_Goal of the exercise_
Your job is to return every line of the listing holding the string "Style".

_Records shown_
* * * * * * * * *
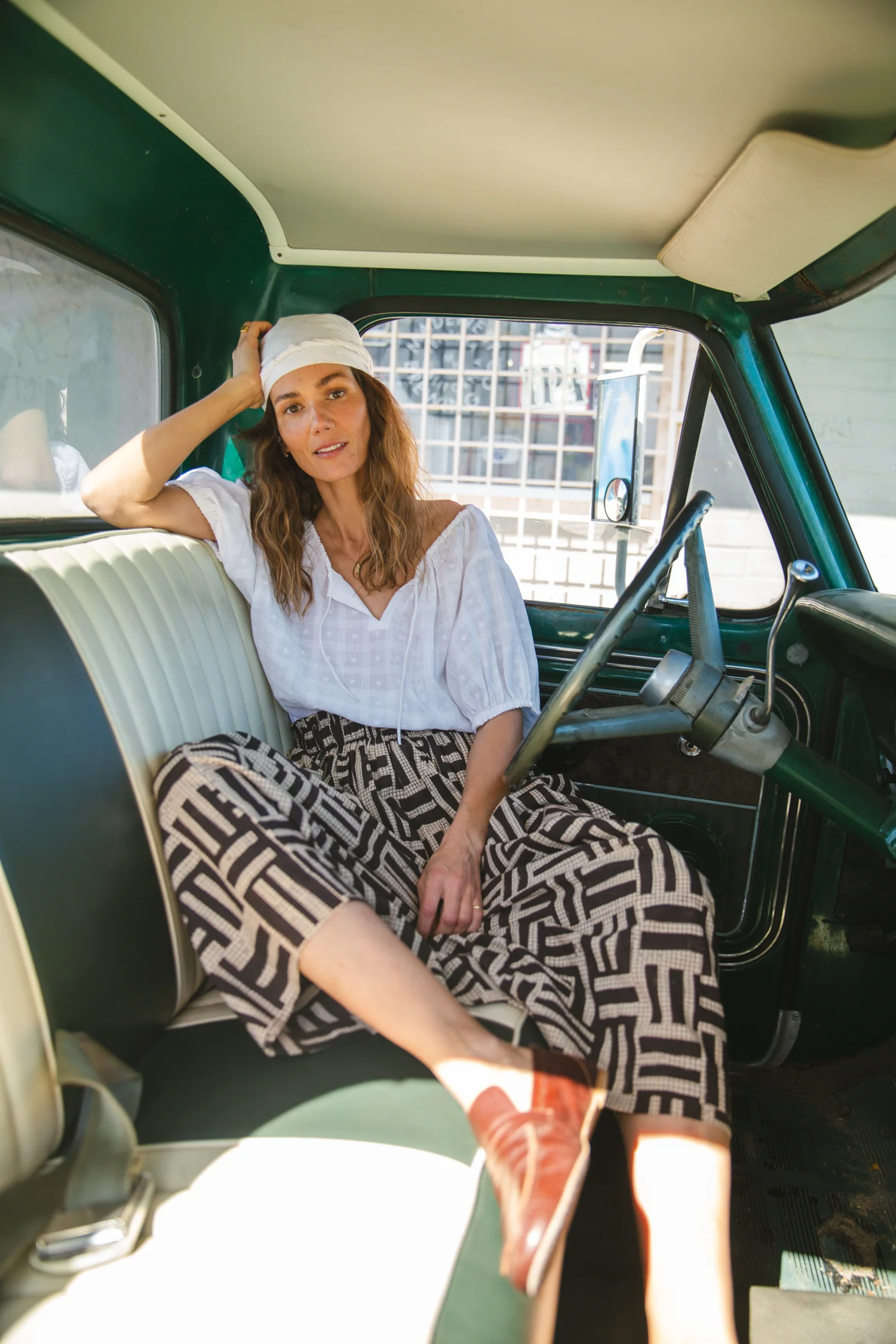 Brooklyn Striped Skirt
* * * * * * * * *
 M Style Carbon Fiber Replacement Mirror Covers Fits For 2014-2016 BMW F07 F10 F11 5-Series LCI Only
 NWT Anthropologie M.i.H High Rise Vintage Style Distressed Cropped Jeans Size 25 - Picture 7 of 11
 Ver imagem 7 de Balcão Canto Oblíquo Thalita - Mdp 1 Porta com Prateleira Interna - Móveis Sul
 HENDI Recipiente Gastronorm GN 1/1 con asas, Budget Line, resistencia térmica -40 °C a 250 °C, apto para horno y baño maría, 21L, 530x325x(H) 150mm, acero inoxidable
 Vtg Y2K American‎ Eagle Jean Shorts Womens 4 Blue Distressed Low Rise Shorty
* * * * * * * * *
_Solution_
 M Style Carbon Fiber Replacement Mirror Covers Fits For 2014-2016 BMW F07 F10 F11 5-Series LCI Only
 NWT Anthropologie M.i.H High Rise Vintage Style Distressed Cropped Jeans Size 25 - Picture 7 of 11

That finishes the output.